You’re working a deal at a mid-market company. There are eight contacts on the company record in HubSpot. You know the VP of Sales is your champion. You think the CFO needs to sign off. But who reports to whom? Who influences the CTO? Which of these eight people actually matter for your deal?
You open the HubSpot company record and see… a flat list. Names, titles, emails. No hierarchy. No visual structure. No way to see the relationships between the people you’re selling to.
This is the org chart problem in HubSpot. The data is there — contacts, associations, roles — but the visualization isn’t. This guide walks through every method for building org charts in HubSpot, from native workarounds to purpose-built tools, so you can pick the approach that fits your team.
Why org charts matter for sales
An org chart isn’t just an HR artifact. For B2B sales teams, it’s a deal map. (For the broader strategy, see our complete guide to account mapping in HubSpot.) It answers three critical questions:
- Who has authority? — The reporting structure reveals decision-making paths. If your champion reports to the person who controls the budget, that’s a strong position. If there are three management layers between them, you need a different strategy.
- Where are the gaps? — A visual hierarchy makes it obvious when entire departments or levels are missing from your CRM. You can’t multi-thread into people you haven’t identified.
- How do influence and information flow? — Formal reporting lines show structure. Informal influence lines show how decisions actually get made. The best org charts capture both.
Research from Gong.io shows that deals with three or more engaged stakeholders close at 2.4x the rate of single-threaded deals. But you can’t engage stakeholders you can’t see. An org chart turns a contact list into a strategy.
What HubSpot offers natively (and what it doesn’t)
Let’s be clear upfront: HubSpot does not have a built-in org chart. There is no native feature that renders a visual hierarchy of contacts within a company. But there are several building blocks you can work with.

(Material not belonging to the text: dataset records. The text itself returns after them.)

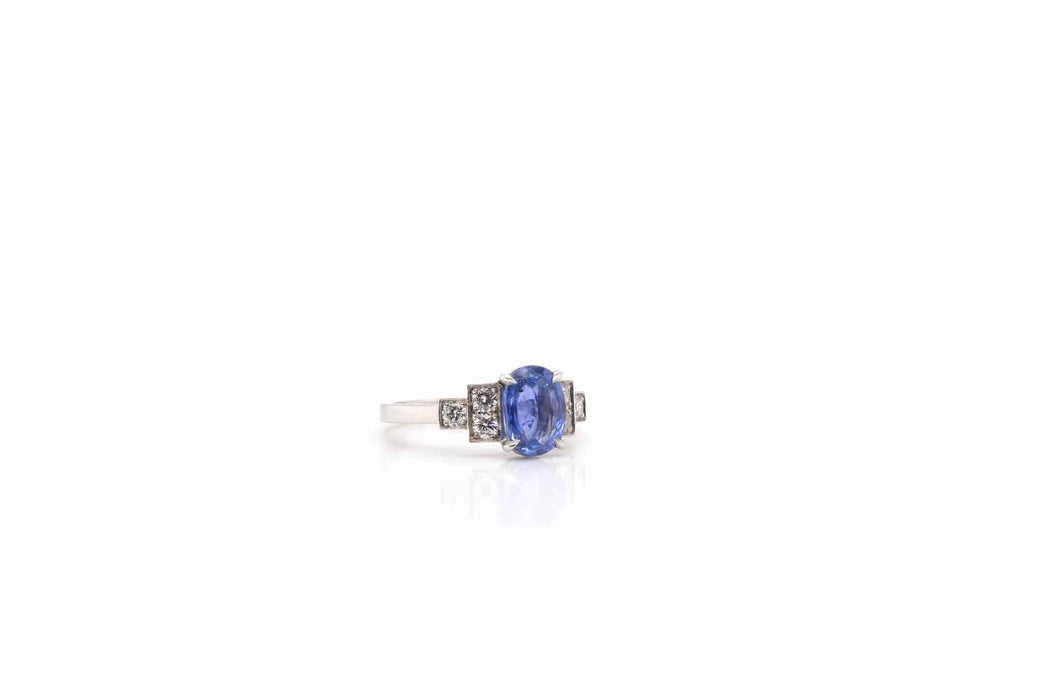 Bague Art Déco saphir et diamants en platine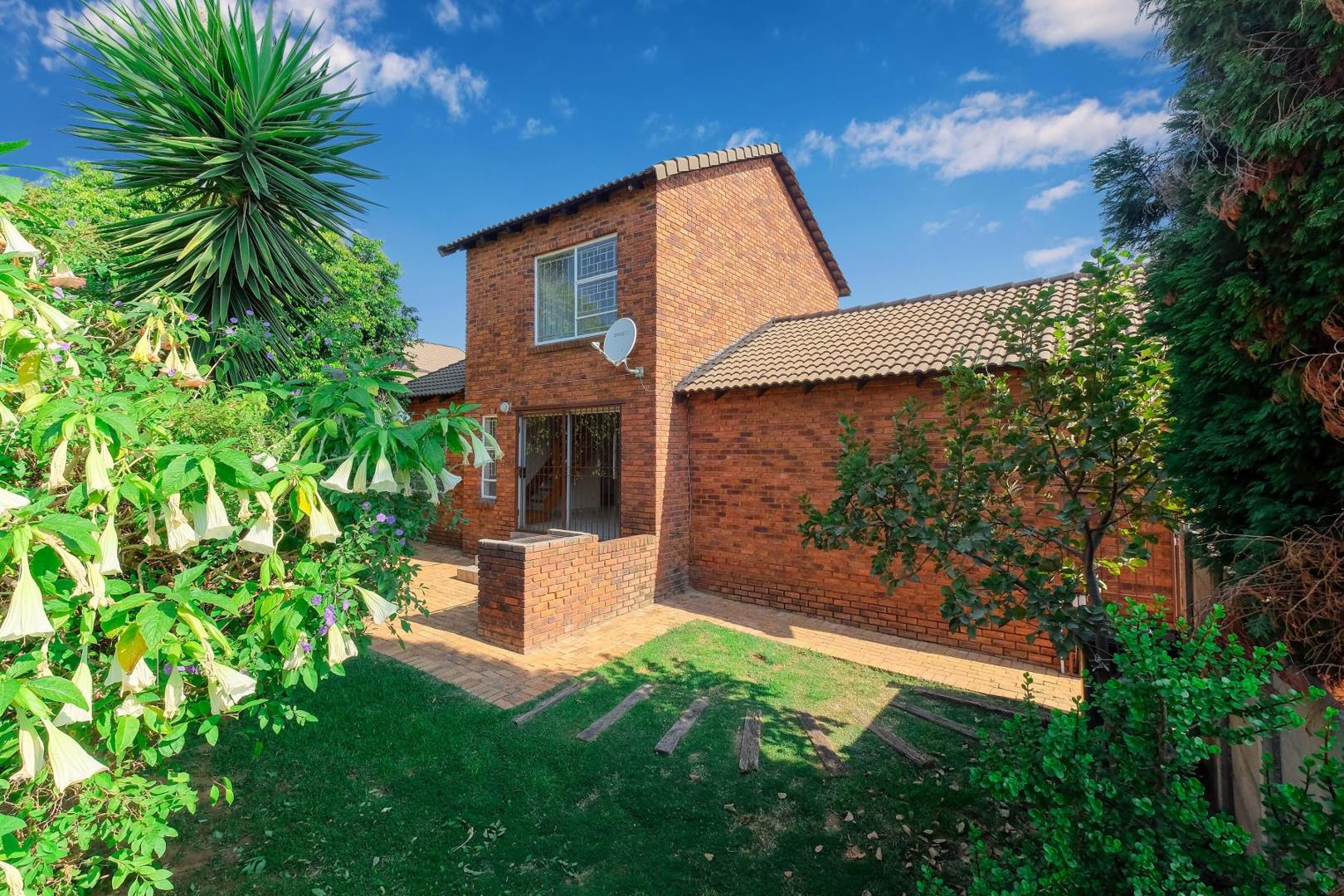 Property and houses to rent in Roodepoort : Roodepoort Property ...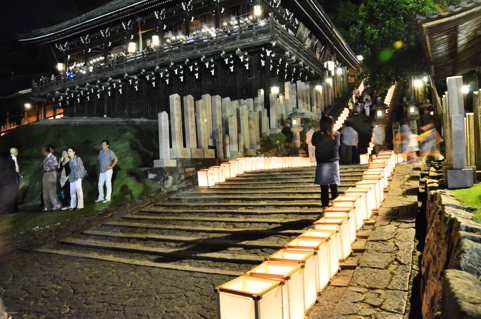 9 17十七夜・盆踊りのお知らせ毎月17日は観音様の縁日で、特に9 17 旧歴の8 17 は「十七夜 じゅうしちや 」と呼ばれ、二月堂 では毎年9 17に堂内に万灯明を灯し本堂周辺にも万灯籠を配置して「十七夜」の法要をお勤めしています。 二月堂下の広場で河内音頭・江州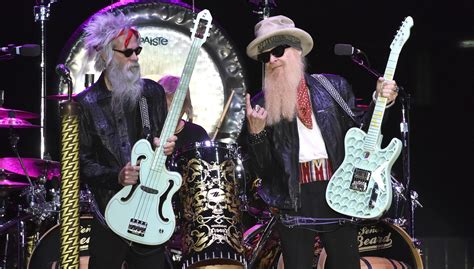 Billy Gibbons Credits Bassist Elwood Francis With Energizing Zz Top Iheart
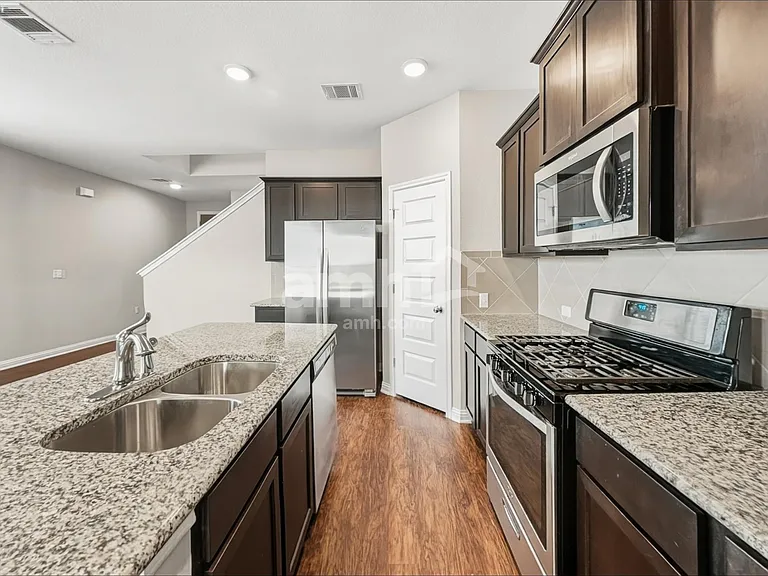 8010 Dampton Ln — Photo 3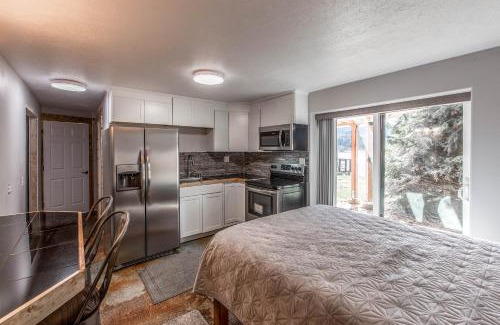 Laclede Casa | Riley Creek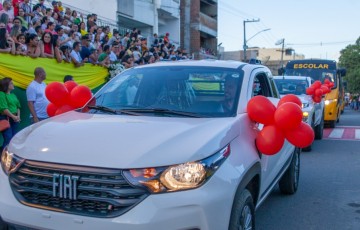 População de Santa Cruz recebe da prefeitura nova frota de veículos para transporte escolar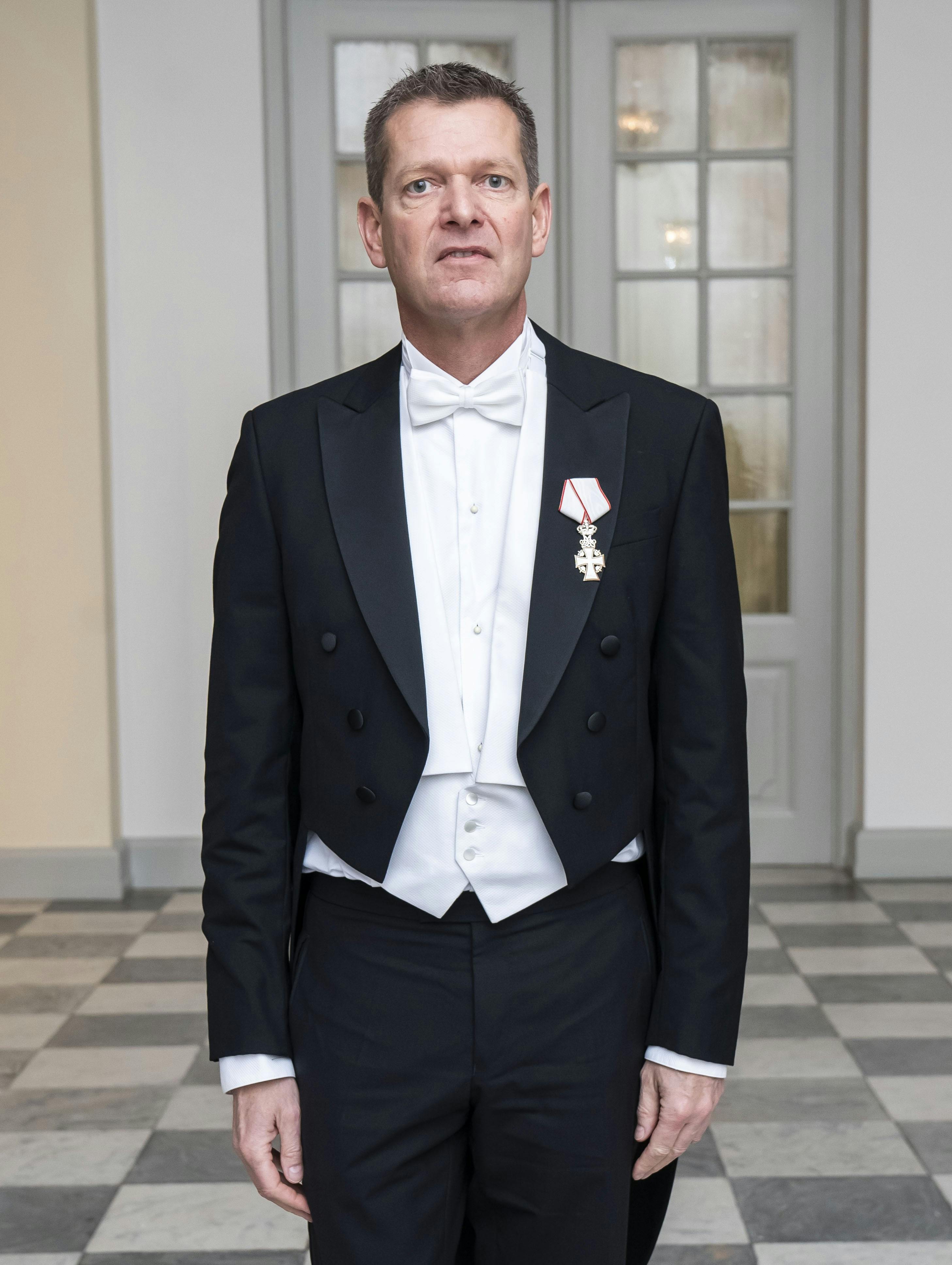 – Hvis jeg skal sige, hvad jeg vil huskes for, så må det være for den kærlighed, jeg har til det, der omgiver mig.
Til mit erhverv og til min familie, har Søren Brostrøm sagt til Kristeligt Dagblad.
Endnu har kærlige Søren dog ikke fundet manden i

Contact-to-company associations
Every contact in HubSpot can be associated with one or more companies. On the company record, you’ll see all associated contacts in a sidebar panel. This gives you a roster, but it’s flat — no hierarchy, no visual structure.
Association labels (Sales Hub Enterprise)
HubSpot’s association labels let you define relationships between records. For contact-to-contact associations, you can create labels like:
- “Reports To” / “Manager Of”
- “Influenced By” / “Influences”
- “Works With”
These labels store the relationship data, but HubSpot doesn’t visualize them. You can see that “Jane reports to Mike” in the contact sidebar, but there’s no tree diagram. And this feature requires Sales Hub Enterprise — it’s not available on lower tiers.
Buying role property
The default hs_buying_role property lets you tag contacts as Decision Maker, Champion, Influencer, Budget Holder, End User, Executive Sponsor, or Blocker. Available in Sales Hub Professional and Enterprise. Useful data, but again — displayed as text badges on a flat list, not as positions on an org chart.
Custom properties
You can create custom contact properties to store org chart data:
reports_to— single-line text with the manager’s namedepartment— dropdown for organizational groupingorg_level— dropdown (C-Suite, VP, Director, Manager, IC)
This captures the data, but you’re still relying on someone (or some tool) to assemble it into a visual hierarchy.
What’s missing
- No visual tree or hierarchy rendering
- No drag-and-drop org chart builder
- No automatic hierarchy detection from job titles or associations
- No influence mapping (informal relationships beyond reporting lines)
- No engagement overlay on the org chart (who’s active vs. cold)
Method 1: Manual org charts with custom properties
Best for: Small teams, low deal volume, no budget for additional tools.
HubSpot tier required: Any (Free CRM works).
Step 1: Create the custom properties
In HubSpot Settings > Properties > Contact Properties, create:
reports_to(Single-line text) — Name of the contact’s direct managerorg_level(Dropdown) — Values: C-Suite, VP, Director, Manager, Senior IC, ICdepartment_team(Dropdown) — Values matching your typical account departments: Engineering, Sales, Finance, Legal, IT, Operations, etc.
Step 2: Populate the data
For each contact on the company record, fill in the three properties. Start with what you know from conversations and LinkedIn, then validate with your champion: “Can you walk me through your team structure?”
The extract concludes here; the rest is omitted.